The local authority was working to engage with local Muslim populations, to understand what services people needed in these communities and support them to overcome challenges. Staff told us about examples where this had achieved positive outcomes at the frontline, such as recent work between housing and commissioning to help a local group overcome challenges around accessibility of a housing scheme. Community funding had also been used to support refugees and asylum seekers in the borough.
The local authority proactively engaged with groups where inequality had been identified to understand and address specific issues experienced by them. The local authority had different groups who they used to gather feedback and experiences for People’s Voice, which brought together community and faith organisations. Staff told us this group had recently been used to understand the experiences of women from minority groups and had informed work to improve accessibility of services.
We heard about a wide range of listening events to encourage people to get involved in the People's Voice group. The local authority implemented face to face engagement events aimed to involve people from different parts of the community to meet with community leaders to talk about their experiences of adult social care. Staff said the most recent discussions had been used to look at how to make different models of care provision more attractive or accessible to minority groups or how to improve uptake of direct payments.
The local authority had undertaken work with voluntary and community partners to enhance its approach to co-production, including using co-production to enable minority groups to influence policy and strategy through the voluntary and community sector. Faith partners said they had been involved in this work and staff spoke about how it had informed commissioning. We also heard how the local authority had set up the poverty truth commission, which was a small team they recruited to of people with lived experience of poverty to support the local authority through advice around the real-life experiences of poverty and how the local authority could help people overcome barriers.
People’s experiences of accessibility arrangements were inconsistent. Feedback about accessible information was mixed. We heard positive experiences from some people but also heard feedback from a partner organisation that there had been difficulty accessing British Sign language (BSL) interpreters at front door community hubs for people attending in-person. Another person also told us they had said on their initial contact with the local authority that they would require a BSL interpreter, but the staff who contacted them about their assessment did not know this.
Despite this feedback from partners and people, staff described good access to BSL interpreters in locality teams and at the front door. Staff told us they were able to access these promptly and the local authority commissioned a provider to support staff to communicate with people who had hearing or vision impairments. Staff shared examples with us of people being supported with BSL interpreters and other forms of accessible communication.
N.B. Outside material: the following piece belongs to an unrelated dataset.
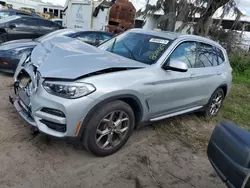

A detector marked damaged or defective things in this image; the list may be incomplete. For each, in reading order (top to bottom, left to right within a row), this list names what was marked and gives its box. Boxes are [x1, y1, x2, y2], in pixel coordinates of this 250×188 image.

crumpled hood [31, 36, 148, 79]
broken headlight [43, 80, 95, 98]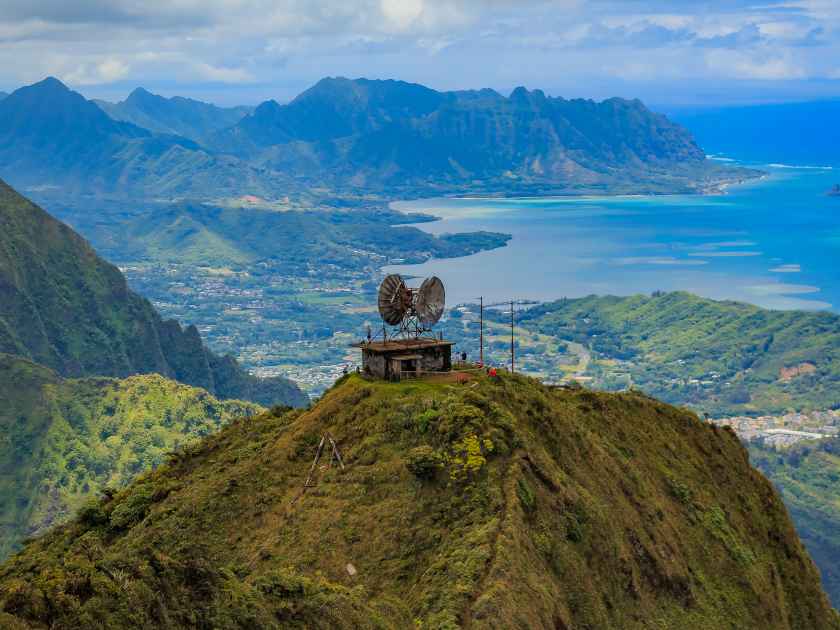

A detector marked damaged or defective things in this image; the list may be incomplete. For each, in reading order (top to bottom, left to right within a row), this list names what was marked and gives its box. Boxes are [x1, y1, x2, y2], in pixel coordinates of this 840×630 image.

rusty antenna array [378, 272, 446, 340]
This showed the feedback we received was not consistent with everyday practice, but there were opportunities to improve access to BSL.
Partners also shared how the local authority’s website could be hard to navigate for people with sensory impairment. This had been an area of recent improvement activity and there had been extensive work over 2023 around digital inclusion which had led to changes to how accessibility was quality assured for all website publications and looking at other factors, such as digital poverty, that could prevent people accessing information and advice.
There had also been ongoing work between the local authority and community partners to map resources and identify ways to improve digital inclusivity and improve access to information and advice. These included voluntary partners being provided with grant funding to support people who may be digitally excluded due to a sensory impairment, poverty or not speaking English as a first language.